[Short text fragments from websites]
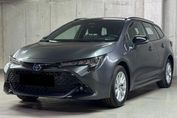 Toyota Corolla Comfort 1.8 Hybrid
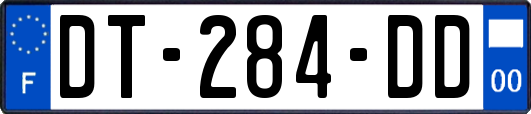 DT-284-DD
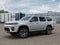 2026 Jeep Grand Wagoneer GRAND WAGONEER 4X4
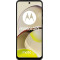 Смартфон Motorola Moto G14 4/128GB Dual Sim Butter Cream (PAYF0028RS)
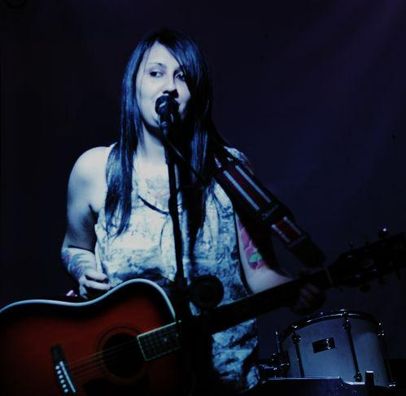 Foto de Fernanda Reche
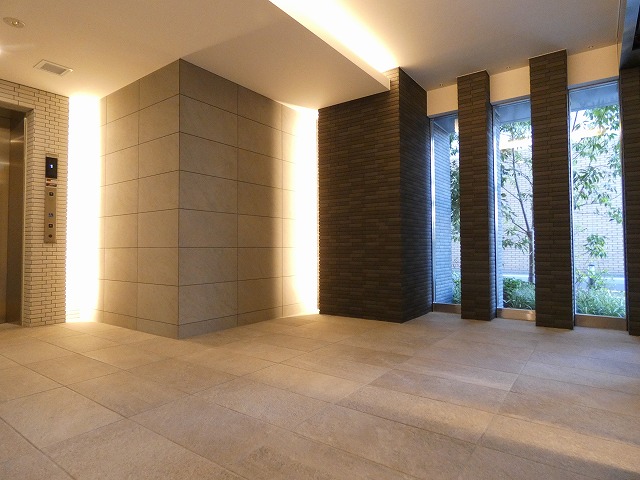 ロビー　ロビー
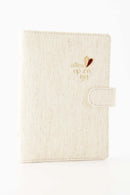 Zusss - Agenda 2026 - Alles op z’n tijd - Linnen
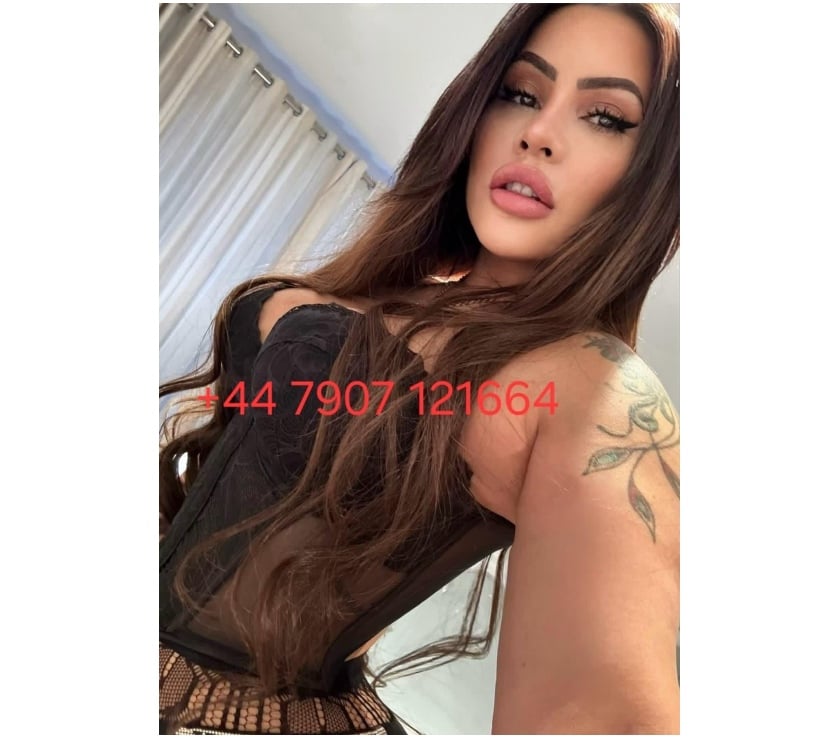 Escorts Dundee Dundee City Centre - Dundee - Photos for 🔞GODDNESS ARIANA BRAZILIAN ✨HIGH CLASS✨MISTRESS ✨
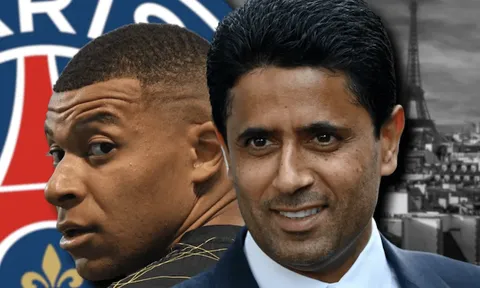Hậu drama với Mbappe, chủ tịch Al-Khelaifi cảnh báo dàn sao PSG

Assignment → Return each entry exactly as given. Leave the images out.

Result below →
 Toyota Corolla Comfort 1.8 Hybrid
 DT-284-DD
 2026 Jeep Grand Wagoneer GRAND WAGONEER 4X4
 Смартфон Motorola Moto G14 4/128GB Dual Sim Butter Cream (PAYF0028RS)
 Foto de Fernanda Reche
 ロビー　ロビー
 Zusss - Agenda 2026 - Alles op z’n tijd - Linnen
 Escorts Dundee Dundee City Centre - Dundee - Photos for 🔞GODDNESS ARIANA BRAZILIAN ✨HIGH CLASS✨MISTRESS ✨
Hậu drama với Mbappe, chủ tịch Al-Khelaifi cảnh báo dàn sao PSG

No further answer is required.